In Cambogia l’inferno delle adozioni

Dopo aver esitato tra Haïti, Mali, Vietnam e Cambogia, Bertrand Tavernier per girare questo suo film sul desiderio di una coppia sterile di adottare un figlio e le difficoltà di ottenerlo, sceglie quest’ultima.
La Cambogia infatti per la maggior parte degli adottatori è una lista d’attesa infinita e un vero e proprio incubo tra visite a orfanotrofi e trafile paralizzanti di prove da fornire, fogli da riempire, andate e ritorni in innumerevoli uffici, direttive vaghe e incomprensivili, inutili documenti e dichiarazioni, decine di firme e permessi che non arrivano mai (o che arrivano subito con le mance).
La Cambogia de La piccola Lola è il paese delle piogge monsoniche e delle immense campagne, del caldo asfissiante e della festa delle acque (Wat Phnom), dei numerosissimi orfanotrofi e delle coppie di occidentali desiderose di un figlio, della folla dei mercati e della discarica di Phnom Penh dove vivono centinaia di famiglie, dei bambini a piedi nudi che corrono dietro ai camion per spartirsi il contenuto, del caos, traffico e colore delle sue strade.

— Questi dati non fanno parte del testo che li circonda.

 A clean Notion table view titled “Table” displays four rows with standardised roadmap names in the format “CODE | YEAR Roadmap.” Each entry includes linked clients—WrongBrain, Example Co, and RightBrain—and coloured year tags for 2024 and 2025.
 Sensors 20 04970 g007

Di pari passo al viaggio nel cuore e nella realtà di questo paese alla disperata ricerca della possibilità di adottare un bambino, La piccola Lola è anche un percorso all’interno di una coppia che, messa alla prova dalle difficoltà, dagli imprevisti e dall’assurdità di una burocrazia corrotta ed esasperata da una situazione inverosimile, entra in crisi e traballa ma poi si ricompone più unita e matura di prima.
Tavernier, con uno sguardo lucido e realistico, tramite la storia di Pierre e Géraldine crea un’opera di fiction molto vicina al documentario che mostra, mette in forma e informa sulla condizione di un paese retto da un governo corrotto, esangue per il genocidio e i crimini commessi dai Khmers rossi, tormentato dalla povertà, dai traffici illeciti, dalla prostituzione, dal turismo sessuale e del mercato delle adozioni internazionali.

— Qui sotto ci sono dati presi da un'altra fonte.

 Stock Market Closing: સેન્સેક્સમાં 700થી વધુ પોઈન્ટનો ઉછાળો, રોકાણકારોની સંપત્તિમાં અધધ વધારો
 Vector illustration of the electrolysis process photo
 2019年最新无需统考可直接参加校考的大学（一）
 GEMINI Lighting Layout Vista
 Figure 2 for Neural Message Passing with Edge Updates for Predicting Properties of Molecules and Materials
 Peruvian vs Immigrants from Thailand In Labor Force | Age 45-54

Le lunghe pratiche e le labirintiche negoziazioni finanziarie di Pierre e Géraldine prima per cercare una bimba e poi per ottenerla, non finiscono mai: quando sembra che la situazione migliori e le cose si risolvano, quando finalmente trovano la figlia che desiderano, ecco che succede qualcosa di nuovo che blocca e sospende le loro illusioni e speranze. La loro ricerca e il loro viaggio sembrano non avere mai termine così come il film: se a un certo punto sembra si sia giunti alla conclusione della storia, si aggiungono sempre altri imprevisti che spostano il lieto fine della vicenda e del film.

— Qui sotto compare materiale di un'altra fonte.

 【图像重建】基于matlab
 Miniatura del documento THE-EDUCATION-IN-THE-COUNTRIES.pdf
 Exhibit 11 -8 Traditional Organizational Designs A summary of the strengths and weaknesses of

Alle origini della pellicola c’è il romanzo della figlia del regista, Tiffany, scritto a quattro mani con il marito Dominique Sampiero. L’idea della storia de La piccola Lola trae originariamete spunto da un altra storia cinematograficamnete irrealizzabile. Scritta da Tiffany era l’odissea di Justine, una ragazza che si ritrova immersa nel mondo umanitario e del volontariato di Calcutta. Passano tre anni, esce nel 2001 Laissez-passer e Tiffany Tavernier scrive un romanzo sull’adozione. Da esso nasce e si sviluppa La piccola Lola, «in fondo lo stesso percorso di Justine: un dolore immenso come punto di partenza, un viaggio in capo al mondo in un momento in cui i personaggi non avrebbero mai pensato di farlo, un paese a tutto tondo, una lotta, una metamorfosi, un ritorno» spiega Tiffany.

Un film interessante, che denuncia una situazione e un paese ai limiti della follia. Quello che non convince è l’indugio su certi momenti e gag che allungano troppo il film e soprattutto la messa in scena della colorata galleria dei personaggi che circondano Pierre e Géraldine all’hotel: coppie o single, anche loro alla ricerca disperata di un figlio da crescere e amare, ma mostrati troppo tipizzati per classi sociali e comportamento.
La piccola Lola resta comunque un film da vedere, soprattutto per diventare consapevoli della disperazione e dell’assurdità del mondo delle adozioni.

Curiosità
La piccola Lola traduce il titolo originale Holy Lola: Holy Baby è l’orfanotrofio dal quale viene Lola, che come la maggior parte degli bambini abbandonati, porta il nome dell’orfanotrofio seguito da quello proprio.